### PROBLEM TO SOLVE
Since the copy must hold text only, transcribe the data below exactly and omit the images.

### DATASET SECTION
---

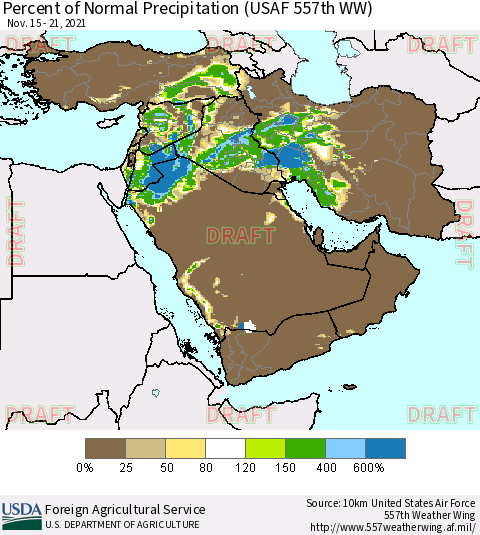 Middle East and Turkey Percent of Normal Precipitation (USAF 557th WW) Thematic Map For 11/15/2021 - 11/21/2021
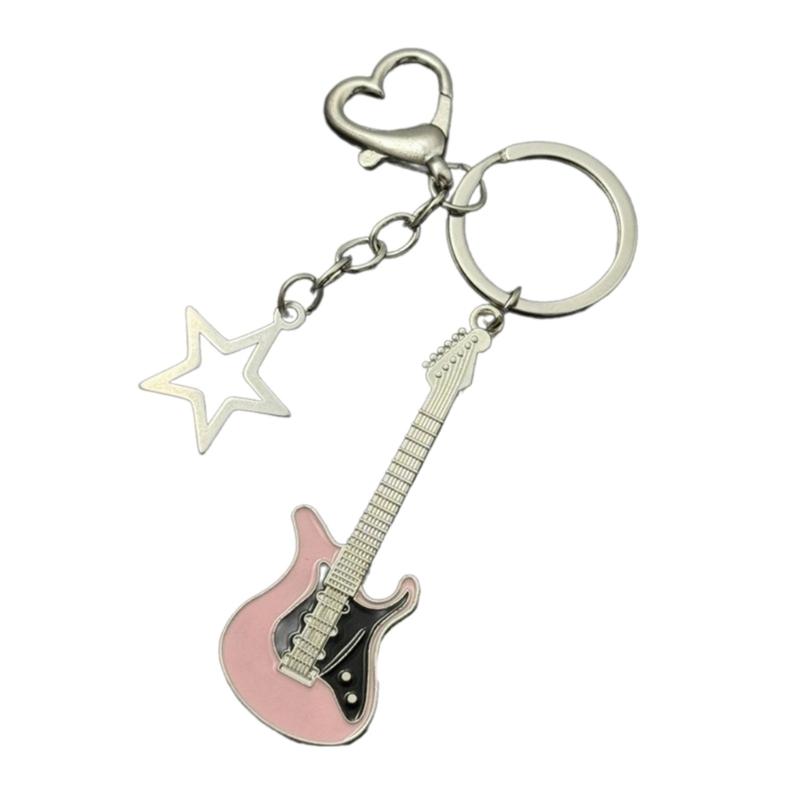 Fashion Star Guitar Keychain Pendant Simple Hanging Decorations Keyring Charm for Purse Bag Backpack Handbag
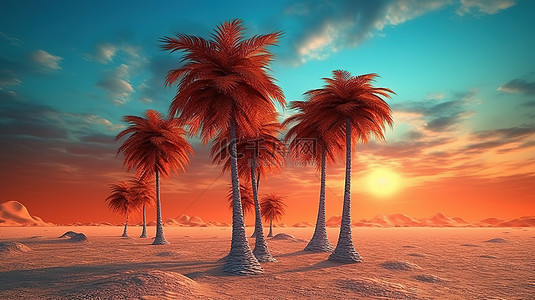 沙漠水背景图片_日落时沙漠中高高矗立的椰子树的 3D 渲染插图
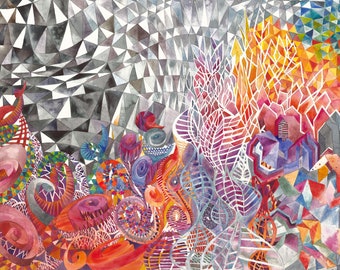 Pode incluir: Pintura abstrata em aquarela com formas geométricas em tons de vermelho, laranja, amarelo, azul, roxo e cinza. A pintura apresenta uma variedade de formas orgânicas e geométricas, criando uma composição complexa e visualmente interessante.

---

### EXERCISE OUTPUT
 Middle East and Turkey Percent of Normal Precipitation (USAF 557th WW) Thematic Map For 11/15/2021 - 11/21/2021
 Fashion Star Guitar Keychain Pendant Simple Hanging Decorations Keyring Charm for Purse Bag Backpack Handbag
 沙漠水背景图片_日落时沙漠中高高矗立的椰子树的 3D 渲染插图
 Pode incluir: Pintura abstrata em aquarela com formas geométricas em tons de vermelho, laranja, amarelo, azul, roxo e cinza. A pintura apresenta uma variedade de formas orgânicas e geométricas, criando uma composição complexa e visualmente interessante.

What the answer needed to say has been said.